Long before the Bush Administration began escalating its rhetoric and upping the ante about the supposed “threat” posed to the US by Iran, well-paid inside-the-beltway think tankers were agitating for some kind of action against that country. Some have argued for ratcheting up sanctions and freezing bank accounts, others have advocated increasing financial aid to opposition groups, and still others have argued that a military strike at Iran’s nuclear facilities is absolutely essential. For all, the desired end result is regime change in Iran.
If President Bush plunges the U.S. into some kind of military conflict with Iran, you can thank the Washington, D.C.-based American Enterprise Institute (AEI), a key player in the current debate over Iran.
President Bush acknowledged as much when he recently appeared at the AEI for a much-publicized speech on his War on Terror, which focused on the front in Afghanistan.

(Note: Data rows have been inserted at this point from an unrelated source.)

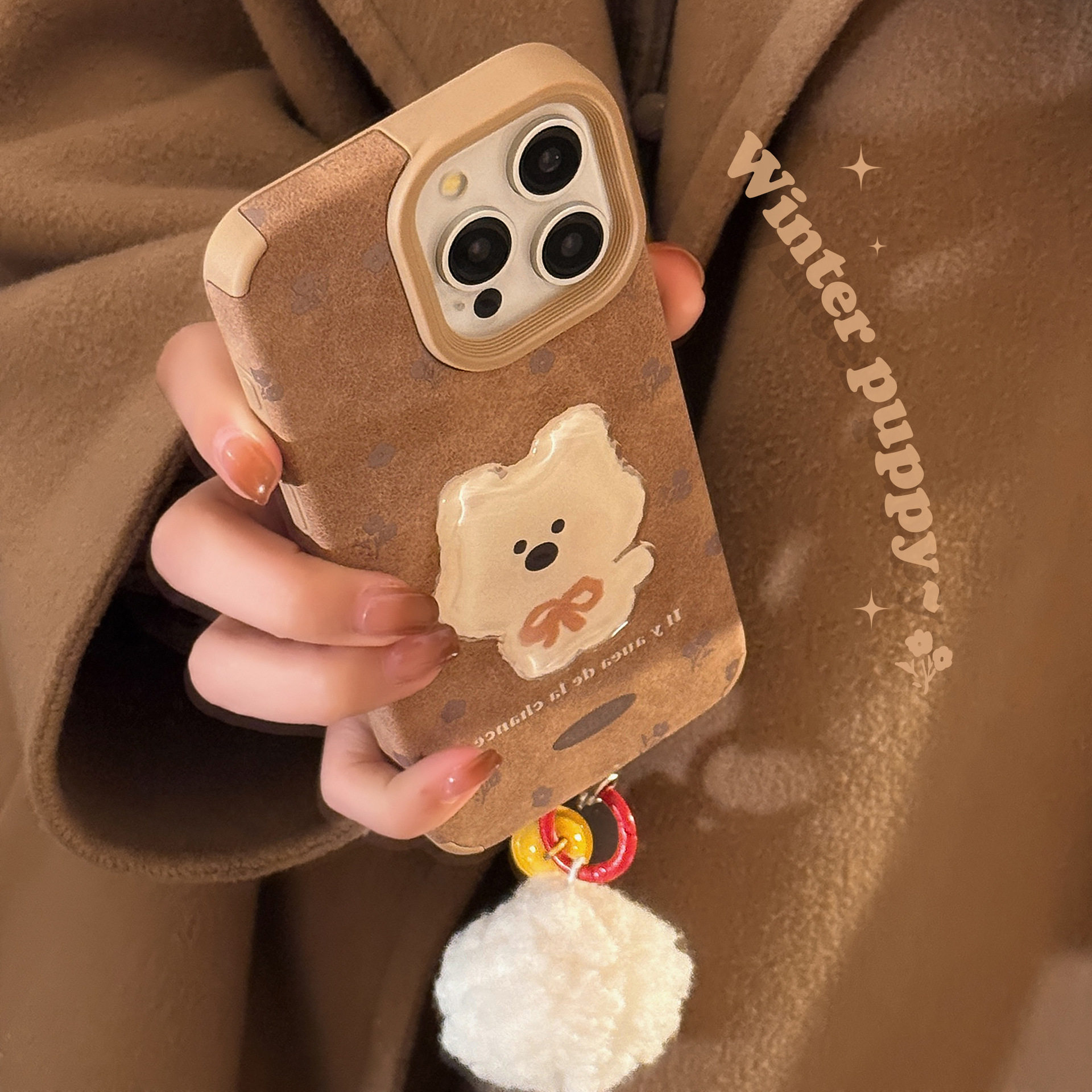 麂皮立体可爱西高地小狗带毛球铃铛适用苹果16手机壳iPhone15promax新款14软壳13防摔12女11全包保护套手机套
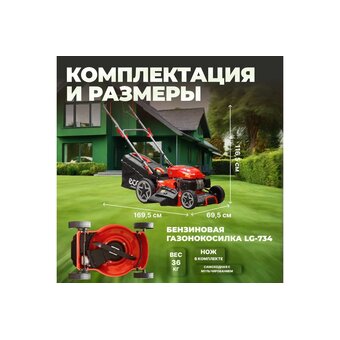  Газонокосилка ECO LG-735 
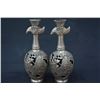 Image 2 : A PAIR SILVER PHOENIX VASE QIANLONG MARK 17TH/C.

Established in 1943, the AEI is no Johnny-come-lately to think tank politicking. Ronald Reagan gave the Institute its props by declaring that “[no think tank] has been more influential than the American Enterprise Institute.” And during his recent speech at AEI, Bush said that he “admire[d] AEI a lot.After all, I have been consistently borrowing some of your best people. More than 20 AEI scholars have worked in my administration.”
Bush also relayed greetings from vice president Dick Cheney who served as an AEI Senior Fellow from 1993-1995. Cheney’s wife Lynne currently serves as a Senior Fellow studying education and children.
All eyes on Iran
A section of AEI’s website entitled “The Iranian Threat” lists a treasure trove of several hundred published articles on Iran, including more than 50 last year alone. Since the beginning of this year, Michael Ledeen the Freedom Scholar at AEI — who is credited with nearly 20 pieces on Iran last year — published a story in the National Review Online headlined “The War of the Persian Succession: Rafsanjani and Ahmadinejad Are Posturing to Succeed an Ailing Khamenei”; Anne Applebaum, an adjunct scholar at AEI, wrote an op-ed piece for the Washington Post titled “Wisdom in Exile”; and the prolific Michael Rubin, a resident scholar at AEI, wrote a story published by the New York Daily News titled “How to Make ’07 Ahmadinejad’s Last Year in Power.”

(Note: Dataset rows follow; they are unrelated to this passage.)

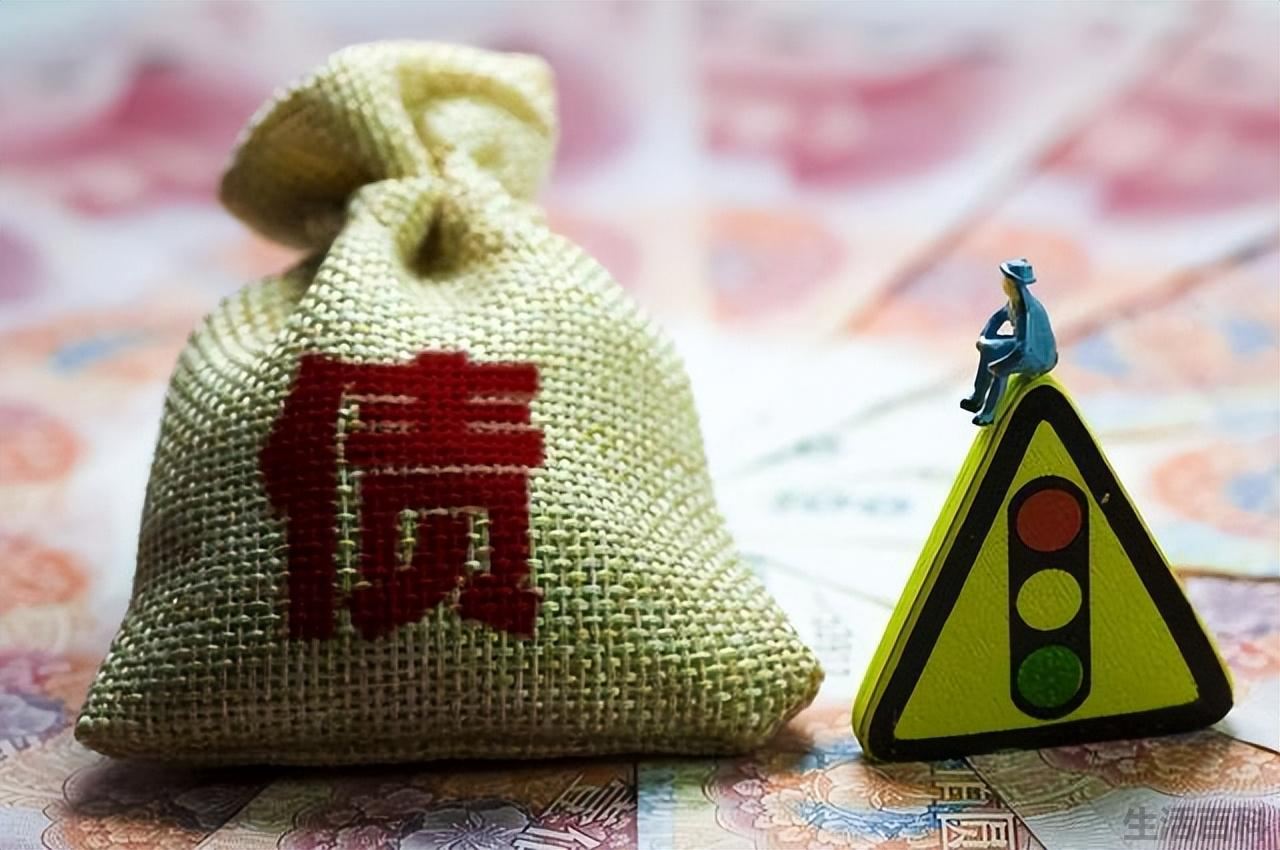 中产阶级标准2022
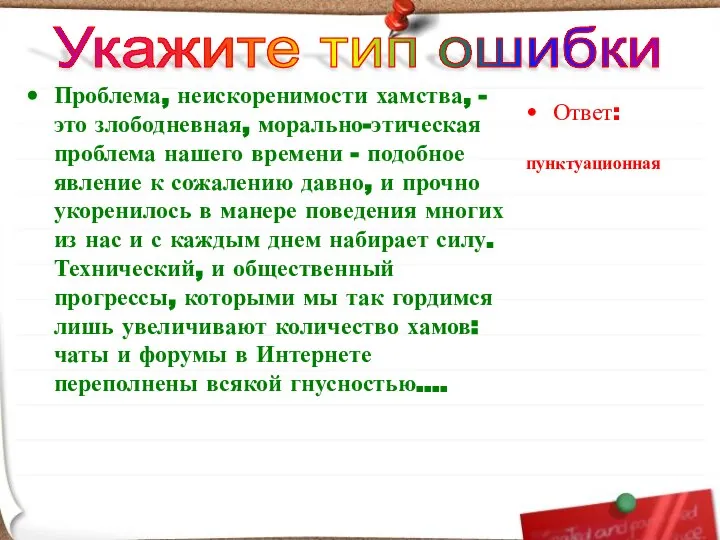 Проблема, неискоренимости хамства, - это злободневная, морально-этическая проблема нашего времени -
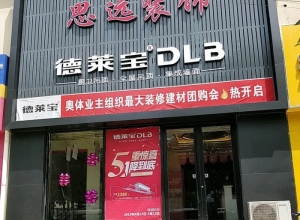 德萊寶全屋吊頂河北邢臺(tái)專(zhuān)賣(mài)店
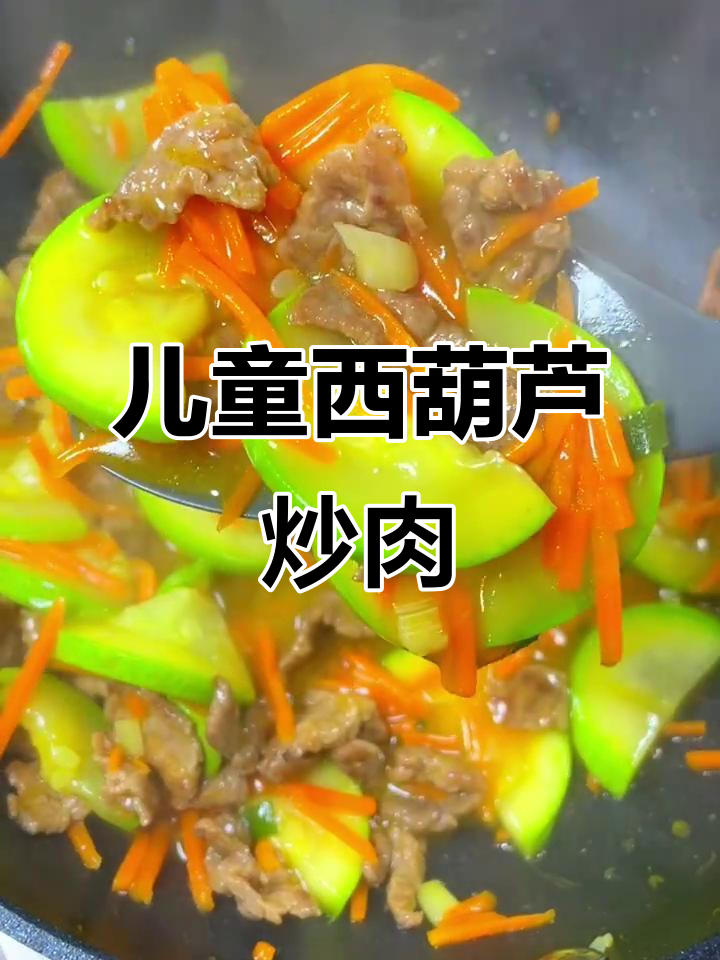 西葫芦炒牛肉,营养搭配更美味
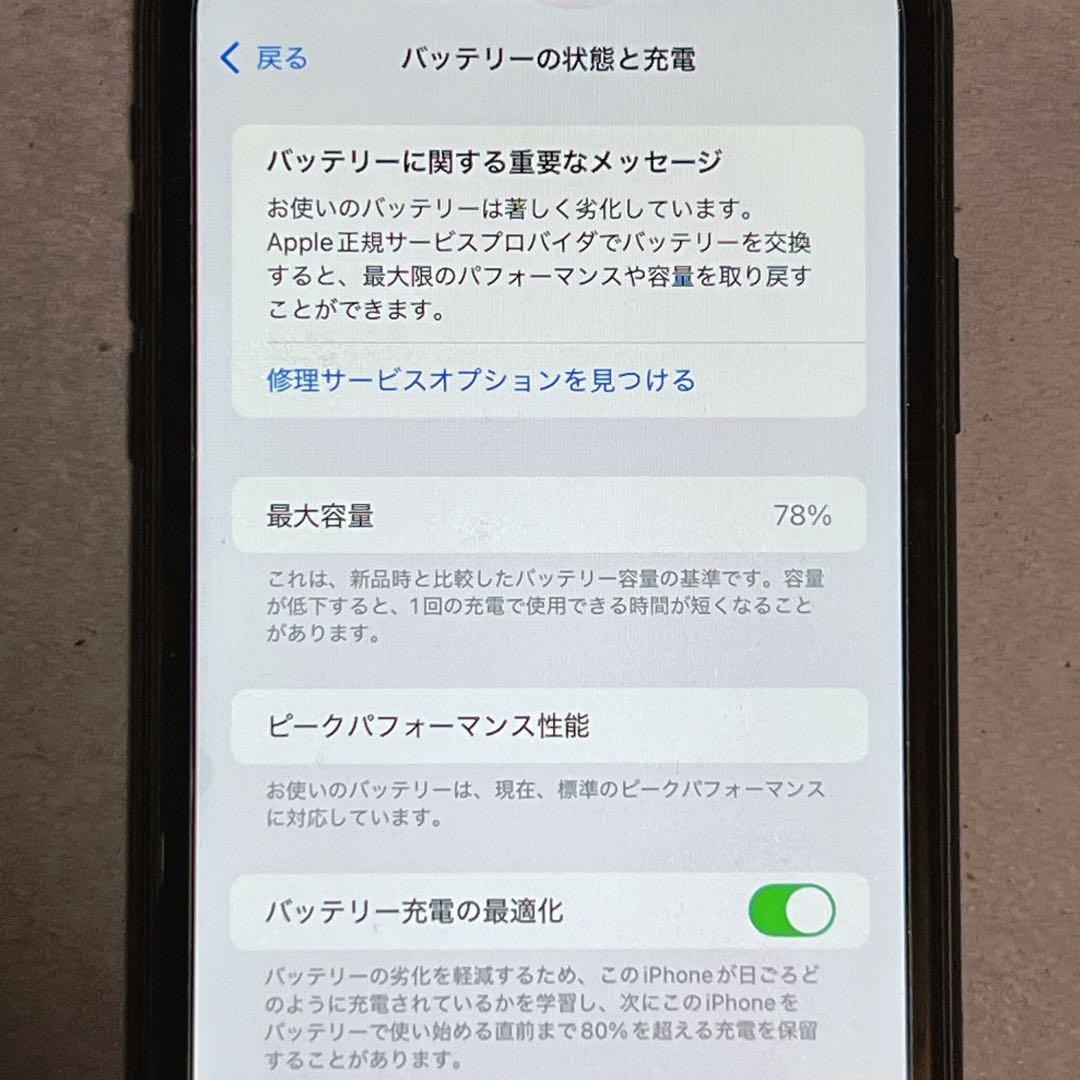iPhoneXR/256GB、iPhone11/128GB 2個セット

Ledeen, writing about the power struggle taking place in the country, maintained that “The mullahs are living through difficult times. Their murderous activities in Iraq are now clear, save to those who are grimly determined to believe that the Bush administration cannot possibly tell the truth about terrorism. They have wrecked their national economy (like the Soviet Union, they do not need Western sanctions to ruin the country; they are quite capable of doing it all by themselves). The nuclear breakthrough is constantly promised but never delivered — Ahmadinejad had promised a glorious announcement … but then … [decided to] postpone … [it] for a couple of months, pending the action of the United Nations. They are scrambling to buy more time and fighting amongst themselves over how to deal with the West and the successor to the dying leader.”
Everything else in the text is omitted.